One of the most interesting aspects of the shift taking place in the field of medieval studies is, as Howard R. Bloch and Stephen G. Nichols, the editors of Medievalism and the Modernist Temper (1996), indicate, that the investigation of medieval literature and culture has never been more alive or [End Page 343] more innovative. Recent publications represent new research strategies by scholars who are not only well-versed in the battlefields within what used to be defined as hermetically-closed or marginalized medieval studies, but also in the vagaries of postmodern theory. Accordingly, scholars of medieval drama and theatre have seen the changes in how medieval drama and theatre was redefined to include both written texts as well as accompanying physical events. They have also brought in theoretical formulations which ruptured modernist critical agendas. With questions posed about the relationship between the subject (a historian) and the object (a document, an event), historical investigations need to take into account the postmodern condition and its emphasis on, for example, social negotiations, the functioning of power regulating and controlling bodies and spaces in the episteme, or fatal strategies and simulacra which reduce events to aural and optical effects.

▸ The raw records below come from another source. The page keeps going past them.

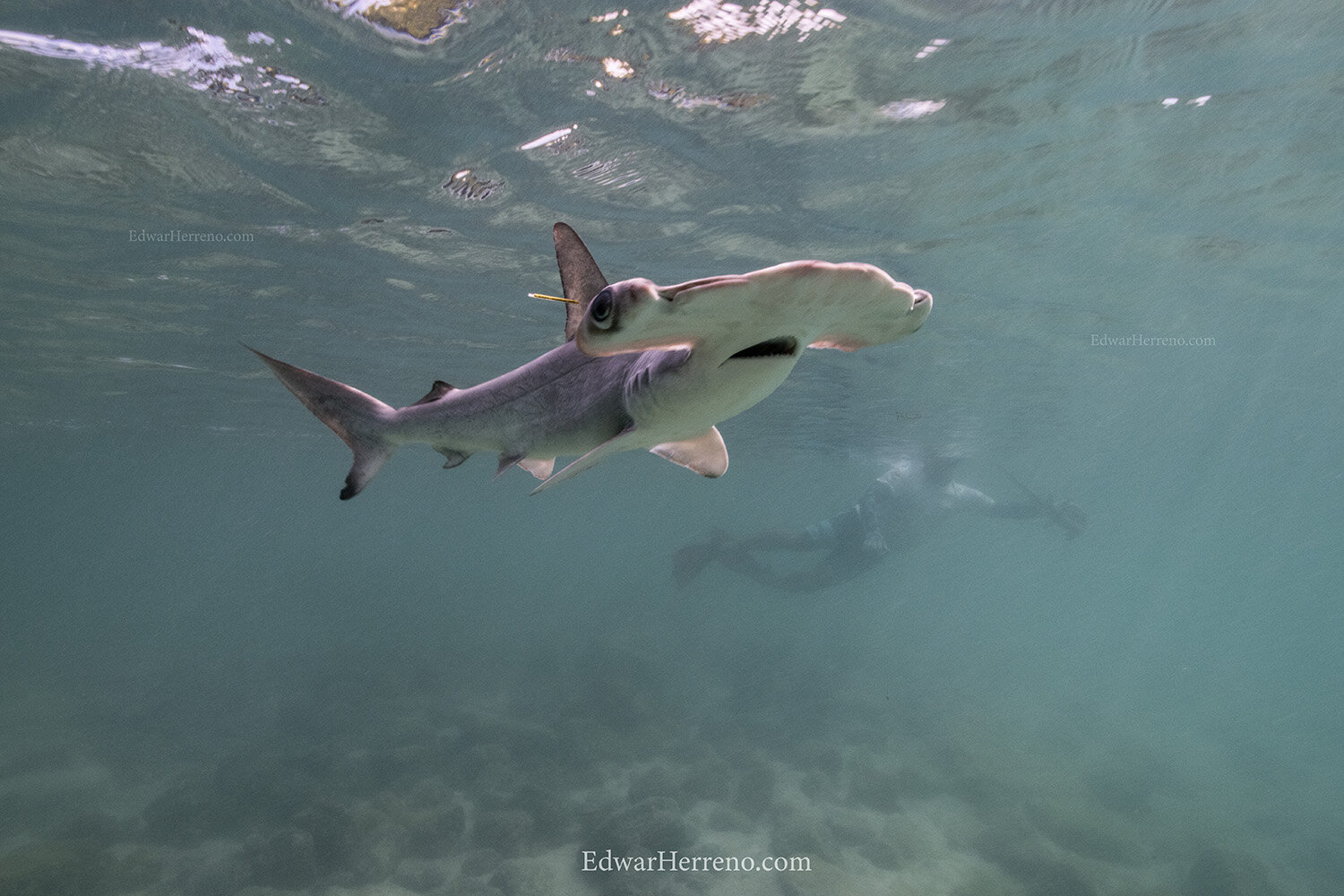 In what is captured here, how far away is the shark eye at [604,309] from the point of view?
1719 millimetres

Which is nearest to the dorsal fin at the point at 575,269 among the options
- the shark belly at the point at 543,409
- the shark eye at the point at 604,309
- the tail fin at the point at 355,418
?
the shark belly at the point at 543,409

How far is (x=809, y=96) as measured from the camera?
9.09 meters

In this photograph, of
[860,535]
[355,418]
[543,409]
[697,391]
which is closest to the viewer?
[697,391]

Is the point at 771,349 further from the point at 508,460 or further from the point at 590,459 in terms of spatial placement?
the point at 508,460

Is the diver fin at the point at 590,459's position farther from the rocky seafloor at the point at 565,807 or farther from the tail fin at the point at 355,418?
the rocky seafloor at the point at 565,807

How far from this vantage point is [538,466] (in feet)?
11.5

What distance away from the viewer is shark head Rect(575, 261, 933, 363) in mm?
1740

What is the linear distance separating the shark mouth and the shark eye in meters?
0.70

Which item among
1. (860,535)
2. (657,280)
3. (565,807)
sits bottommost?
(860,535)

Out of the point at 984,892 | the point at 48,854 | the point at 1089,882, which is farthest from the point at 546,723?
the point at 1089,882

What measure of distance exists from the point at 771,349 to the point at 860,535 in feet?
79.5

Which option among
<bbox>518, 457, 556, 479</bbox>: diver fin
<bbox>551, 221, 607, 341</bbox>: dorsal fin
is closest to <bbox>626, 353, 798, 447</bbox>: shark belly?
<bbox>551, 221, 607, 341</bbox>: dorsal fin

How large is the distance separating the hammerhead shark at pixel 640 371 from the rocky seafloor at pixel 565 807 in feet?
34.1

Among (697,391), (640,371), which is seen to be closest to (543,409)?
(640,371) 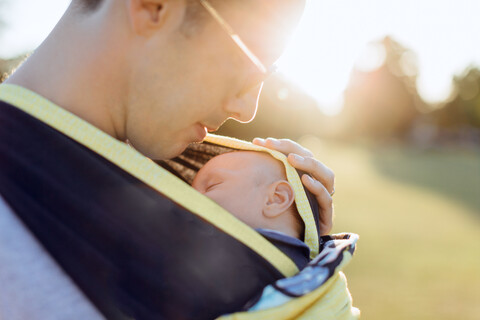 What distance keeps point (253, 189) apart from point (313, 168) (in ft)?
0.85

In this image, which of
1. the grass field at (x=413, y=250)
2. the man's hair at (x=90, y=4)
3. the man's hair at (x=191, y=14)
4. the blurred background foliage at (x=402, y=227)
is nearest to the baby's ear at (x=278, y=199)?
the man's hair at (x=191, y=14)

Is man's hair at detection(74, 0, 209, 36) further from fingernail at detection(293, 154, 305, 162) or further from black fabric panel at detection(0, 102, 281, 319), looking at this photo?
fingernail at detection(293, 154, 305, 162)

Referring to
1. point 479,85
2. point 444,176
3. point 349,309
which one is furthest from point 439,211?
point 479,85

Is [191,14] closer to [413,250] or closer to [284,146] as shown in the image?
[284,146]

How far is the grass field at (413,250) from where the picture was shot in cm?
620

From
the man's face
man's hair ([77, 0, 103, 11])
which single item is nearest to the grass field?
the man's face

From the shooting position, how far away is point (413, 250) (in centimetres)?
868

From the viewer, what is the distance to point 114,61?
1501 millimetres

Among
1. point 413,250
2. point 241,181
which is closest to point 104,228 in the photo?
point 241,181

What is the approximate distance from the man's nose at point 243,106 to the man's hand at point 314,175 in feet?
1.12

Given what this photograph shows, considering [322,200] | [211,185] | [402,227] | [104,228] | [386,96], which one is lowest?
[104,228]

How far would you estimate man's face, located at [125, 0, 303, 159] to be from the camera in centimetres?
149

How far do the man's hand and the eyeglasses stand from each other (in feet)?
1.45

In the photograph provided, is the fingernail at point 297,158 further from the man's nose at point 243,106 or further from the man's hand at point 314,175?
the man's nose at point 243,106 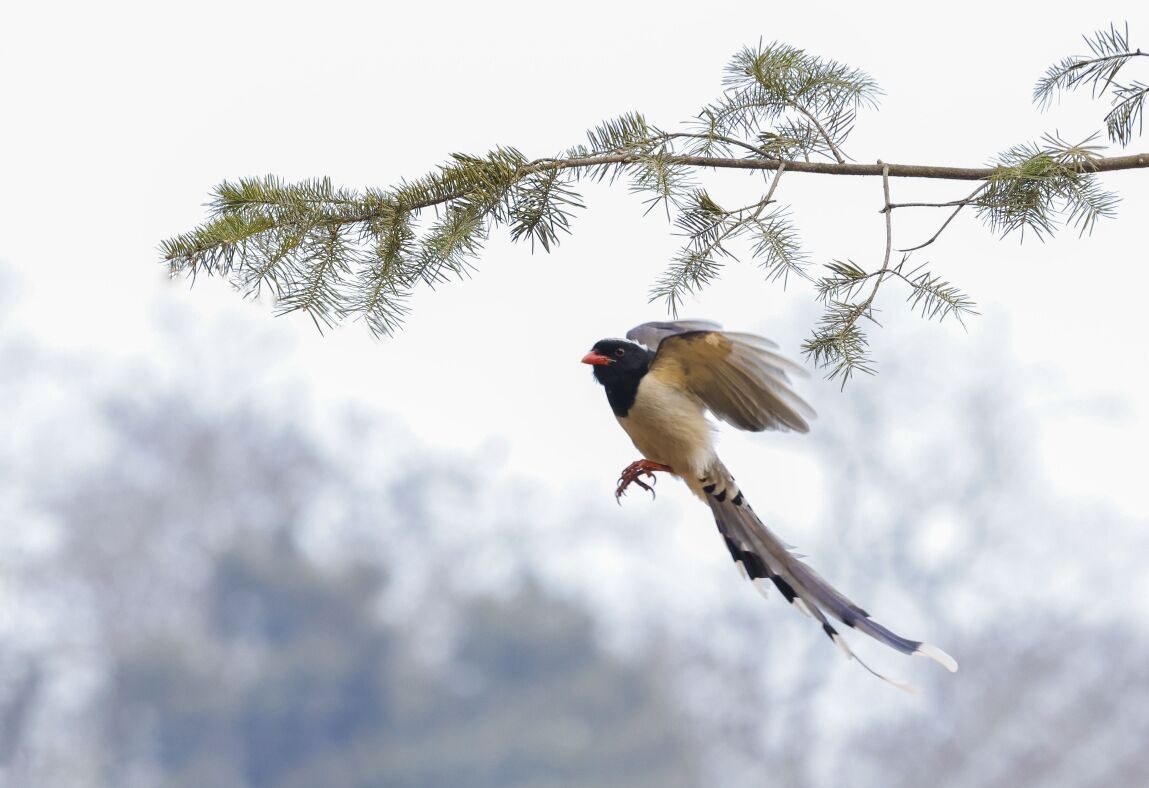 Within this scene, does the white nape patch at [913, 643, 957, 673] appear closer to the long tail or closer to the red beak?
the long tail

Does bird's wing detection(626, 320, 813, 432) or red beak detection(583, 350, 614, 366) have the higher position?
red beak detection(583, 350, 614, 366)

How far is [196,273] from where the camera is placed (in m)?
0.82

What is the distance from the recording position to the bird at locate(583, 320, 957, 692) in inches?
29.4

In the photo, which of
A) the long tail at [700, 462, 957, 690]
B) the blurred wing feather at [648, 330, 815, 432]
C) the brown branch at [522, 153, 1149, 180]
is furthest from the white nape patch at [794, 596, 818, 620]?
the brown branch at [522, 153, 1149, 180]

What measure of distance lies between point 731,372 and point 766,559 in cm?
15

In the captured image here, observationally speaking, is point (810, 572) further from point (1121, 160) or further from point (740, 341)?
point (1121, 160)

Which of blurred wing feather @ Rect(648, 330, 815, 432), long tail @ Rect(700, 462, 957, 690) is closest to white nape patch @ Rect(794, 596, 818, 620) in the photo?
long tail @ Rect(700, 462, 957, 690)

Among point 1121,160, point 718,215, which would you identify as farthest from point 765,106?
point 1121,160

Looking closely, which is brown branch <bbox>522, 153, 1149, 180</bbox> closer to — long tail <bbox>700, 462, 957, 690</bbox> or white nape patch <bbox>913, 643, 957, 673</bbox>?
long tail <bbox>700, 462, 957, 690</bbox>

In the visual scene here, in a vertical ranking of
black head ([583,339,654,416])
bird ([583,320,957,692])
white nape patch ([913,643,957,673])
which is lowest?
white nape patch ([913,643,957,673])

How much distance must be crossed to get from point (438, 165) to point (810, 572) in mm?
371

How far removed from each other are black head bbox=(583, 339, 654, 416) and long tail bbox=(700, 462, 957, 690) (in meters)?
0.09

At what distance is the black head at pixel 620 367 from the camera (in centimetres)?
77

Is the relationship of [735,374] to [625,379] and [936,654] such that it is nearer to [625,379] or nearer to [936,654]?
[625,379] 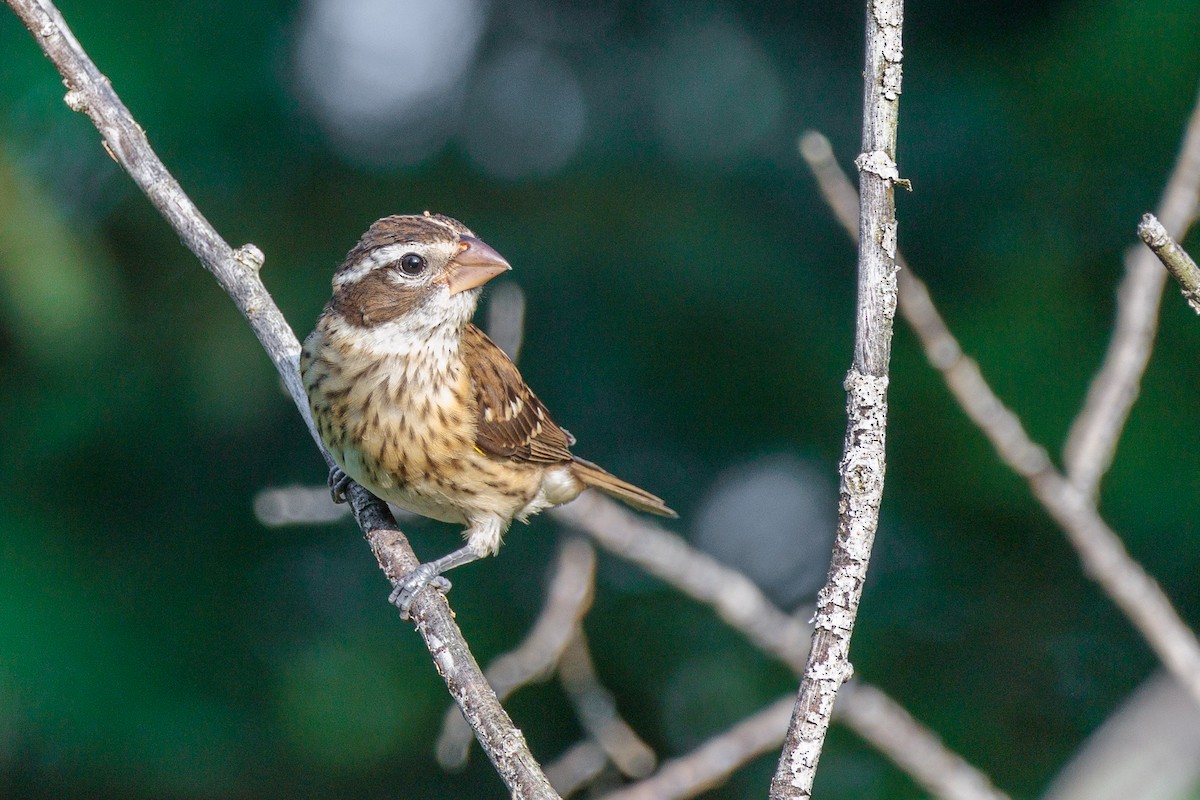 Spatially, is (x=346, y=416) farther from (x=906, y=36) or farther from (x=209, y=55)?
(x=906, y=36)

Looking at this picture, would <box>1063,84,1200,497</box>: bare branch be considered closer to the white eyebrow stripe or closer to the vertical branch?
the vertical branch

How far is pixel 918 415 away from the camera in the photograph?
4.30 meters

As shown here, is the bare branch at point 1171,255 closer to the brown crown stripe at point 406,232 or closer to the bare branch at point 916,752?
the bare branch at point 916,752

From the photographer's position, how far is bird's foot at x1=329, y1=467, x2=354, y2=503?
3.53 meters

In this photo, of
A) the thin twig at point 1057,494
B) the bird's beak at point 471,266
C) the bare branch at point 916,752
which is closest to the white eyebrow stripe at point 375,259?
the bird's beak at point 471,266

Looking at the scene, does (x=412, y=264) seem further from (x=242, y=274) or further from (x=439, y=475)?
(x=439, y=475)

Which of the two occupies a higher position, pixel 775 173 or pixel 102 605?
pixel 775 173

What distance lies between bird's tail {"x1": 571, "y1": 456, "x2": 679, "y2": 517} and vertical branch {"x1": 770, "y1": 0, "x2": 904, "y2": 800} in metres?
2.08

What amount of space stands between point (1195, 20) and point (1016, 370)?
123 centimetres

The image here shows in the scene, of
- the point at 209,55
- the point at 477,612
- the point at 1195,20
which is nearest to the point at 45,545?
the point at 477,612

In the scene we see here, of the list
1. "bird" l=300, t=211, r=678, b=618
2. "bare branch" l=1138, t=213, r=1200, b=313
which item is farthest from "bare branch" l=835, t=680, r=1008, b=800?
"bare branch" l=1138, t=213, r=1200, b=313

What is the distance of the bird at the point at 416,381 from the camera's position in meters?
3.25

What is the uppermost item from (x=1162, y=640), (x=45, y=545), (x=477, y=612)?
(x=477, y=612)

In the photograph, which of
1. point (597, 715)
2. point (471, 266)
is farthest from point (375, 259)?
point (597, 715) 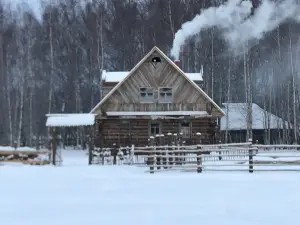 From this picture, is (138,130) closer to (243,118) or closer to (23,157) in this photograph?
(23,157)

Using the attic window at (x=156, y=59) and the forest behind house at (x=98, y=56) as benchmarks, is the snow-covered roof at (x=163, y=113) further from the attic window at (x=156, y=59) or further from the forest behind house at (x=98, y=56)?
the forest behind house at (x=98, y=56)

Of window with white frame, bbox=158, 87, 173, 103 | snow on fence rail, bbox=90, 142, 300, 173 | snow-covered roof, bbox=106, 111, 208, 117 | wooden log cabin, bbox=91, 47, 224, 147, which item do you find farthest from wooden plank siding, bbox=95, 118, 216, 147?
snow on fence rail, bbox=90, 142, 300, 173

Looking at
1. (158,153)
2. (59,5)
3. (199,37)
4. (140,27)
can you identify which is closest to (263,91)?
(199,37)

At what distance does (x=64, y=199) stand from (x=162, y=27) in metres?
37.2

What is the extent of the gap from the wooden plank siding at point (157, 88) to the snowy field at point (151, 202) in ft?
60.0

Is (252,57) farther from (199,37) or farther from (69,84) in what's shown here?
(69,84)

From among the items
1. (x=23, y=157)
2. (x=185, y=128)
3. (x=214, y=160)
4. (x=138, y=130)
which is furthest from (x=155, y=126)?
(x=214, y=160)

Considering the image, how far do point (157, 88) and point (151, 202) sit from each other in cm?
2261

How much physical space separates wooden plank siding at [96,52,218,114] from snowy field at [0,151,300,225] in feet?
A: 60.0

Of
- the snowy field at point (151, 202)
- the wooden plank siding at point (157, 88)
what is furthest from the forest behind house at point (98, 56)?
the snowy field at point (151, 202)

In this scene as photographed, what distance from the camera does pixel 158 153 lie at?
56.5 feet

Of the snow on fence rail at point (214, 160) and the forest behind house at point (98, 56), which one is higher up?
the forest behind house at point (98, 56)

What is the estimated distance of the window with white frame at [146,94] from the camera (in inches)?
1203

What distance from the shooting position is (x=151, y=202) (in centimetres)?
818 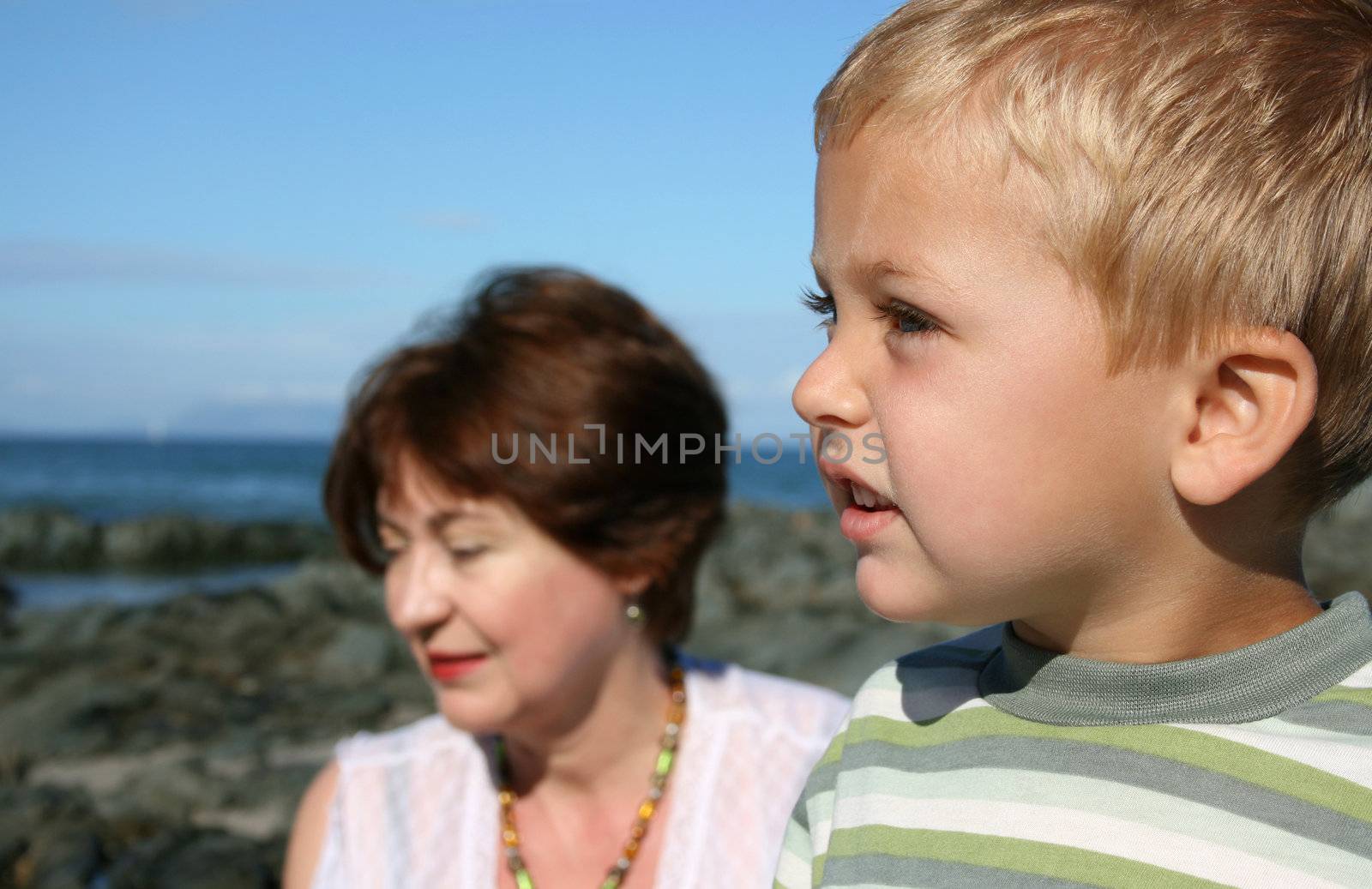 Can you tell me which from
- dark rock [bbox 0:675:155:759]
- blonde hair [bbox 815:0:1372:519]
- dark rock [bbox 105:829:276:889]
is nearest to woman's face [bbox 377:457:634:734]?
blonde hair [bbox 815:0:1372:519]

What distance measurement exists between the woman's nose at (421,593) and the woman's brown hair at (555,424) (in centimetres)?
18

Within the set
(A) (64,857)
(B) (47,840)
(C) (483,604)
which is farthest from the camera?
(B) (47,840)

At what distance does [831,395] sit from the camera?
4.21 ft

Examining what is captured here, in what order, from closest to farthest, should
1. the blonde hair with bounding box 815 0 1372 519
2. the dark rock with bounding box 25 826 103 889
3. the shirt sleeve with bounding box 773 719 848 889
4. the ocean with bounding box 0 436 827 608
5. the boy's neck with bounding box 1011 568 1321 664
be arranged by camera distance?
1. the blonde hair with bounding box 815 0 1372 519
2. the boy's neck with bounding box 1011 568 1321 664
3. the shirt sleeve with bounding box 773 719 848 889
4. the dark rock with bounding box 25 826 103 889
5. the ocean with bounding box 0 436 827 608

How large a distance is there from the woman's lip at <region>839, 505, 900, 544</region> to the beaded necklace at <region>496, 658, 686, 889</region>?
5.07 feet

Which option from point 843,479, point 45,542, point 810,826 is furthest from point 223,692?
point 45,542

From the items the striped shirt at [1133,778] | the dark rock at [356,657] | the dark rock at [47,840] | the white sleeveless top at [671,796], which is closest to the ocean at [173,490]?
the dark rock at [356,657]

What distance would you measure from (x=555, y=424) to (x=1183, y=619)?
5.27 feet

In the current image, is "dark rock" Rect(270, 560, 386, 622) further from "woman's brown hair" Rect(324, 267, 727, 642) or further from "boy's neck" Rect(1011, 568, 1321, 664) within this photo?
"boy's neck" Rect(1011, 568, 1321, 664)

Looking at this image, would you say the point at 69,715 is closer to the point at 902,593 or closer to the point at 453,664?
the point at 453,664

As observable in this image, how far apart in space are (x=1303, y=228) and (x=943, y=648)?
2.17 feet

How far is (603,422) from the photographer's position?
8.79 feet

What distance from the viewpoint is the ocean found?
1683 centimetres

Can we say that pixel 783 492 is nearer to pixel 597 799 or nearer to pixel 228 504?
pixel 228 504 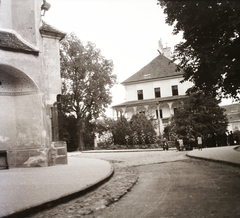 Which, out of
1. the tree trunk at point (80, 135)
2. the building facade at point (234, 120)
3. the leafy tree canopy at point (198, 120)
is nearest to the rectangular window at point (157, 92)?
the tree trunk at point (80, 135)

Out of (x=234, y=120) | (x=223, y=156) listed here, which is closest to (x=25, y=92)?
(x=223, y=156)

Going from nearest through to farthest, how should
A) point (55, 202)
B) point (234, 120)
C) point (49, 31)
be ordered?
point (55, 202) → point (49, 31) → point (234, 120)

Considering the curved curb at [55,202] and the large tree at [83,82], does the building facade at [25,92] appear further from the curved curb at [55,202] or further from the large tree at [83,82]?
the large tree at [83,82]

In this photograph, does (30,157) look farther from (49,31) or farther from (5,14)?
(5,14)

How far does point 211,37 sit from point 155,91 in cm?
3177

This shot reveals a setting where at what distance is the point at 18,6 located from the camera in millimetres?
13844

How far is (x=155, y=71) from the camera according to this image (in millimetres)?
43312

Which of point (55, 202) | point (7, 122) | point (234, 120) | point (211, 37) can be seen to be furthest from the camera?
point (234, 120)

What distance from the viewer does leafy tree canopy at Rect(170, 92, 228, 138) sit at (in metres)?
27.8

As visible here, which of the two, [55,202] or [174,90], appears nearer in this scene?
[55,202]

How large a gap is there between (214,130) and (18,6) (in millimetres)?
22401

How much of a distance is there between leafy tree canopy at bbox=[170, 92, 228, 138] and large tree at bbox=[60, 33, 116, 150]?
12.9 m

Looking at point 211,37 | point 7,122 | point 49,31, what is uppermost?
point 49,31

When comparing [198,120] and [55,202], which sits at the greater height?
[198,120] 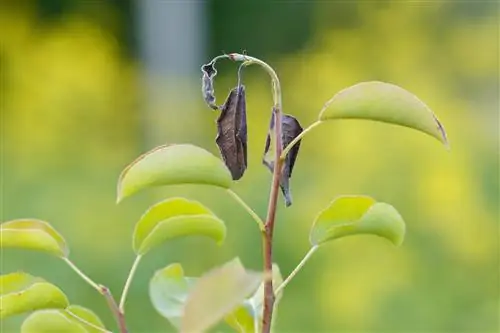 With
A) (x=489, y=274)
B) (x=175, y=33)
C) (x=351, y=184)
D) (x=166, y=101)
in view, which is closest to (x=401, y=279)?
(x=489, y=274)

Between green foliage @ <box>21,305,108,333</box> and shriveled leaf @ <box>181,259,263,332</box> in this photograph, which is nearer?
shriveled leaf @ <box>181,259,263,332</box>

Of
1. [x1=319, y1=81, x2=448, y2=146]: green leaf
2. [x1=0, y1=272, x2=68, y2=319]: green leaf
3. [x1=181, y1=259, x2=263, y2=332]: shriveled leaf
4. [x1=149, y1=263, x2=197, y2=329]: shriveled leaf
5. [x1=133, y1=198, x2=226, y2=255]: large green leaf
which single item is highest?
[x1=319, y1=81, x2=448, y2=146]: green leaf

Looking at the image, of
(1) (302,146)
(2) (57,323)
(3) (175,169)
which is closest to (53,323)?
(2) (57,323)

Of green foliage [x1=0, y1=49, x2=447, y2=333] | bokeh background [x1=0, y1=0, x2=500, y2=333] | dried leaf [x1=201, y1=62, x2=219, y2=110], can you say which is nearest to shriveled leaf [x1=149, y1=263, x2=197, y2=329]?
green foliage [x1=0, y1=49, x2=447, y2=333]

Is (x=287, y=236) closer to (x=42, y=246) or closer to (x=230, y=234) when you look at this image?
(x=230, y=234)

The Medieval Theatre of Cruelty responds to these possibilities. Jody Enders traverses through the landscape of rhetoric, law, drama, and criminal records of the Middle Ages in her pursuit of an answer to a question: why are there so many scenes of torture in the medieval plays? Any student of the medieval drama and theatre is familiar with the crucifixion episode from the Cycle Plays or with the French-language corpus of mystères de la passion. Whereas we often accept a heightened realism and spectacularism of these episodes of the reenactment of the pain and suffering of Christ as part of the historical, social, or ideological narrative, Enders challenges the doxa and poses questions about the phenomenology of theatrical violence, medieval and modern, as a point of departure from broader speculation about the interplay between theatricality, pleasure, didacticism, morality and real life. Hers is a powerful discourse that exposes the weaknesses in those narrative statements which desire to anesthetize the rhetoric of cruelty by suggesting the alterity of the Middle Ages—both institutional as well as ideological—in the process of constructing intellectual sites of amnesia. Enders draws attention to the fact that such a process parallels Pierre Bourdieu’s notion of “symbolic violence” which is made invisible by the configuration of knowledge and classificatory schemes both past and present. Theories of rhetoric and law from the times of Quintilian’s narrative, which describes Simonides’s desire to remember the dismembered bodies, as well as a hermeneutic of torture, which exploits the relationship between language and pain, form deference and “mask a very real denial of the contemporary spectacle of violence and of contemporary complicity in the history of that violence” (24). In order to change our attitude to medieval drama and theatre, which brought to the fore a Christian spectacle of moral violence, Enders, using a rhetorical matrix, explores the possibility that “no real critique of violence can lead to social change unless the pervasive linguistic and ideological foundations of violence are exposed” (10).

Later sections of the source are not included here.